Re: [PATCH v2] reboot: Backup orderly_poweroff

From: Keerthy
Date: Tue Jan 19 2016 - 05:34:08 EST


Hi Ingo,

On Tuesday 19 January 2016 02:36 PM, Ingo Molnar wrote:

* Grygorii Strashko <grygorii.strashko@xxxxxx> wrote:

On 01/15/2016 12:14 PM, Ingo Molnar wrote:

* One Thousand Gnomes <gnomes@xxxxxxxxxxxxxxxxxxx> wrote:

If kernel_power_off() is called then the system should power off. No ifs and
whens.

Even if it doesn't the watchdog should kill it.

That is broken on some platforms on the watchdog side as the
watchdog shuts down during our power off callbacks - because the system
firmware is too stupid to reset the watchdog as it powers back up (so
keeps rebooting).

If you watchdog and firmware function properly you shouldn't even have to
care if you crash during the kernel power off.

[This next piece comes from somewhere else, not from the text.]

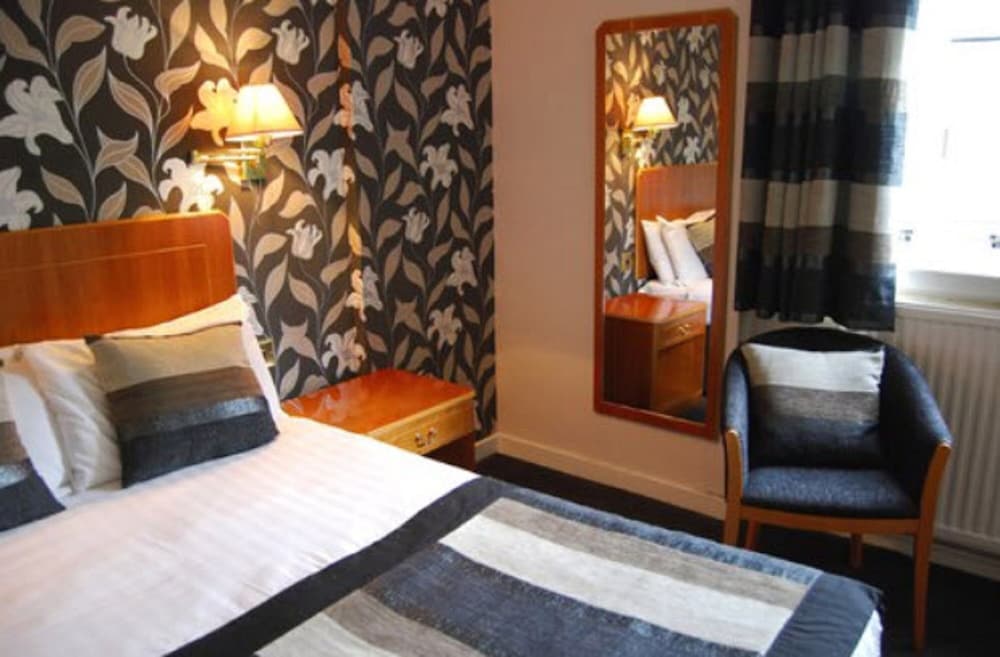 The Tontine Hotel 9/64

That's a good point as well - if the system is 'stuck' for some notion of stuck,
then watchdog drivers can help.


Seems ARM doesn't have endless loop implemented in machine_power_off() - so,
not too much chances for Watchdog to fire.
void machine_power_off(void)
{
local_irq_disable();
smp_send_stop();

if (pm_power_off)
pm_power_off();

--- endless loop ?
--- or restart ?
}
[and even if it will be there - 20-30sec is usual timeout for Watchdog and this
enough time to burn the system in case of thermal emergency poweroff :(]

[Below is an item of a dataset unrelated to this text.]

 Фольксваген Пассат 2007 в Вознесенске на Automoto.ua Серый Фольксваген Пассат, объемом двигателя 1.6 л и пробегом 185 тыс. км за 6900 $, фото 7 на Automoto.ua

Here it's unclear whether user-space even called the sys_reboot() system call.


That's true - original log [1] has
Nov 30 11:19:22 [ 5.942769] thermal thermal_zone3: critical temperature reached(108 C),shutting down
[...]
Nov 30 11:19:24 [ 7.387900] ahci 4a140000.sata: flags: 64bit ncq sntf stag pm led clo only pmp pio slum part ccc apst
Nov 30 11:19:24 INIT: Switching to runlevel: 0
Nov 30 11:19:24 INIT: Sending processes the TERM signal

and there are no
[ 220.004522] reboot: Power down


Also, It's not the first time this part of code is discussed (thermal emergency poweroff) [2],
so the good question, as for me, is it really required and safe to use orderly_poweroff() in
case of thermal emergency poweroff ([3] as example)?

In general, this kind of use case can be simulated using SysRq on any arch
- [3.290034] Freeing unused kernel memory: 492K (c0a67000 - c0ae2000)
INIT: version 2.88 booting
Starting udev
^^ The issue most probably might happens when system in the process of loading modules
So, once modules loading process is started - fire Sysrq "poweroff(o)"

So I'd say emergency poweroff should be named accordingly - and the
orderly_poweroff() name suggest anything but an emergency, right?

So I'd be fine with the following:

- introduce a poweroff_emergency() core kernel function call

- use it in drivers where it's justified

- poweroff_emergency() has a configurable timeout value. If the timeout value is
set to 0 then it powers the system off immediately.

Functionally it would be mostly equivalent to your current patch (except the '0'
immediate poweroff functionality).

Thanks for the suggestion. I will work on this and get back.

Best Regards,
Keerthy


Thanks,

Ingo